AMD Radeon RX 480 Review: Polaris Hitting The Sweet Spot
The Polaris GPU Explained
AMD's Polaris 10 GPU is comprised of approximately 5.7 billion transistors and has a die size of 232 mm2. The GPUs will be manufactured using Samsung’s or Global Foundries’ 14nm FinFET process, which results in significantly denser transistor count per square millimeter than previous-generation Radeons produced on TSMC’s 28nm process, and hence smaller die sizes, but also lower operating voltages for reduced power.
In addition to the new process technology, there are other enhancements incorporated into Polaris. The architecture has more powerful geometry processing capabilities, increased buffer sizes, more capable delta color compression, tweaked memory controllers, asynchronous compute with prioritization, specialized temporal scheduling, and support for AMD TrueAudio Next, among other features.
The enhanced geometry engines are significantly more capable than previous-generation offerings.
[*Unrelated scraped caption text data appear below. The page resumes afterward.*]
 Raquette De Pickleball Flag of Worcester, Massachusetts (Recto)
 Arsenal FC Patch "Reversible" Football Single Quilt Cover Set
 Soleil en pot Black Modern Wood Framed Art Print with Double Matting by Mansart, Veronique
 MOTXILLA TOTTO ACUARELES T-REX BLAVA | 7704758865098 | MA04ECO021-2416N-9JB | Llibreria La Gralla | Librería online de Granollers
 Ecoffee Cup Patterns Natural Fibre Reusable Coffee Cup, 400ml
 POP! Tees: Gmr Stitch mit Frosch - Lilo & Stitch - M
They have a new Primitive Discard Accelerator that culls triangles with no area (or no inclusive sample points) early in the pipeline, to improve efficiency. There is also a new index cache to store small instanced geometry, to reduce the amount of data flowing through the pipeline.
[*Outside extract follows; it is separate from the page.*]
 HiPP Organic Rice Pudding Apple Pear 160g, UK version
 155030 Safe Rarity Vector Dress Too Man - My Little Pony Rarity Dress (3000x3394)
Another Polaris key feature includes a 4th-generation version of AMD’s GCN (Graphics Core Next) architecture, with a number of improvements and new features. There’s the aforementioned Primitive Discard Acceleration baked-in, along with an improved hardware scheduler, better instruction prefetch, larger buffers, an optimized L2 cache, and increased shader efficiency.
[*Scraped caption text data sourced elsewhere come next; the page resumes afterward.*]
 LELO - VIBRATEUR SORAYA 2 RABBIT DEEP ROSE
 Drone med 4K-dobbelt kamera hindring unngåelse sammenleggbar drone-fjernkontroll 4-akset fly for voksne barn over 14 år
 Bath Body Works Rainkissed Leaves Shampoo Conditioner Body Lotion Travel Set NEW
There is enhanced lossless delta color compression technology built-into Polaris as well, which improves upon the compression tech introduced with AMD's Tonga GPU. 2, 4, and 8:1 compression ratios are supported now, in addition to an updated memory controller and PHY that support up to 8Gbps GDDR5 memory.
Updates to Asynchronous Compute are in Polaris as well and the command processor features a new quality-of-service (QoS) technique called a Quick Response Queue, which allows developers to designate a compute task queue as high-priority. Both high-priority and regular priority tasks can co-exist and share the GPU’s execution resources, but the Async Compute Engines dispatch workgroups from the high-priority tasks ahead of normal tasks. This prioritization ensures that high-priority tasks will use more resources and complete first, without the command processor context switching out other lower-priority tasks.